Aldırmaz (2012: 7)’a göre bu konuda üç temel açıklama yapılmıştır. Bunlar; Liberal, Muhafazakâr ve Radikallerdir. Liberal okul, terörizm kavramını ortaya çıkaran belli yapısal faktörler vardır. Bu faktörlerden birisi yoksulluktur, yoksul insanların, terör örgütlerine katılma ihtimalleri daha yüksektir. Ülkenin sömürge olup olmaması da ayrıca bir faktördür. Ülkedeki, etnik azınlık durumu, kültürel ya da dini gruplara yapılan baskılar gibi faktörler terörizmi ortaya çıkaran şartlardır. Bu şartlar ortadan kaldırılırsa terörizm önlenebilir. Yani kısaca Liberal okulun terörizmi önleme konusunda ki çözüm önerisi, terörizmi yaratan koşulların ortadan kaldırılmasıdır. Muhafazakâr Okul, muhafazakârlara göre terörizmin şartlarla ilgisi yoktur. Teröristler ekstermist (radikalci/köktenci), fundamentalist (kökten dinci) ruh sağlığı bozuk insanlardır. Bunlarla buna göre mücadele edilmelidir. Bunlar genelde güvenlik analistleri, emniyetçiler ve siyasetçilerdir. Radikaller

(28)

ise Marksistlerdir, radikallere göre özellikle üçüncü dünya ülkelerindeki terörizmin sebebi; ABD ve Batı’dır. Yani insanların terörizme yönelmesinde Batı emperyalizmi etkilidir. Batı teröristleri kendi politikaları ile yaratmaktadır. Bunlara göre terörizmin önlenmesi batı emperyalizminin ortadan kaldırılmasıdır.

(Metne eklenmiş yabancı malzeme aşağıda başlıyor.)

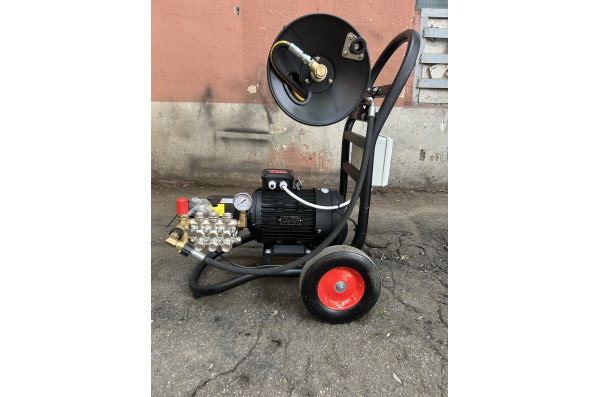 АВД Тритон Н 15/200 TS 5.5 Т (на тележке с катушкой 30 метров, с манометром, электрика с теплозащитой)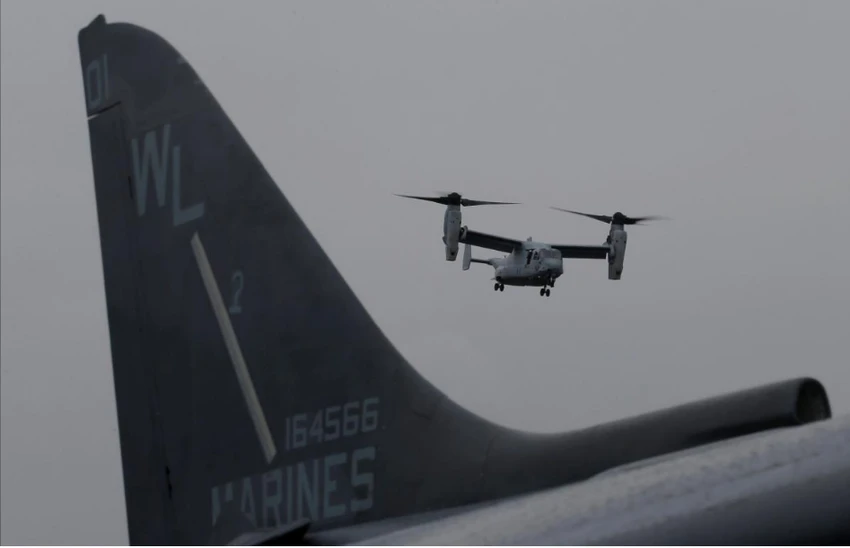 Máy bay MV-22 Osprey của lực lượng lính thủy đánh bộ Mỹ chuẩn bị hạ cánh xuống tàu tấn công đổ bộ Bohomme Richard ngoài bờ biển Sydney (Úc) ngày 29-6-2017. Ảnh: REUTERS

1.1.3 Terörizmin Nedenleri

İnsanların terör örgütlerinin içerisinde yer alması ve terör örgütleri için can vermesindeki etkenlerin yok olması olayların çözüme kavuşması demektir. İnsanlar, hayatlarını devam ettirebilmek için, çalışmak zorundadırlar. Özellikle kapitalizm etkisi altında kalan tüm ekonomik rejimlerde, insanlar gayretlerinin karşılığını alamamaktadır. Değişen yaşam koşulları, insanları ekonomik yönden zor duruma düşürmekte ve geçim sıkıntısına sürüklemektedir. Bunun bilen ve kullanan terör örgütleri yaptıkları eylemler ile onların iş sahalarını terörist eylemlerin merkezi haline getirmekte ve bu sayede onların kazanç kaynaklarını yok etmektedir. Yerel halkı bu yöntem ile bir köşeye sıkıştıran ve fakirleştiren terör örgütleri, zaman geçtikçe küçük hediyeler ve yardımlar ile kendilerine yandaş kazandırmaktadır. Bu yandaş ve gerillalar genellikle, çocuk ya da genç kuşaktan seçilmektedir. Gençlerin terör örgütlerine giriş nedenleri birbirine benzer. Bu nedenlerden bazılarını anlatmak gerekir ise (Köklen, 2013: 6);

a. Genel olarak, taşralarda geleneksel aile yapısının hâkim olması ile çocukların ve gençlerin baskı altında yetiştirilmesi, Gençlerin; örf, adet töre, tarikat gibi kalıpları benimsemelerine sebep olmaktadır. Bu tür davranış kalıpları, katı ve kesin davranış kalıplarıdır.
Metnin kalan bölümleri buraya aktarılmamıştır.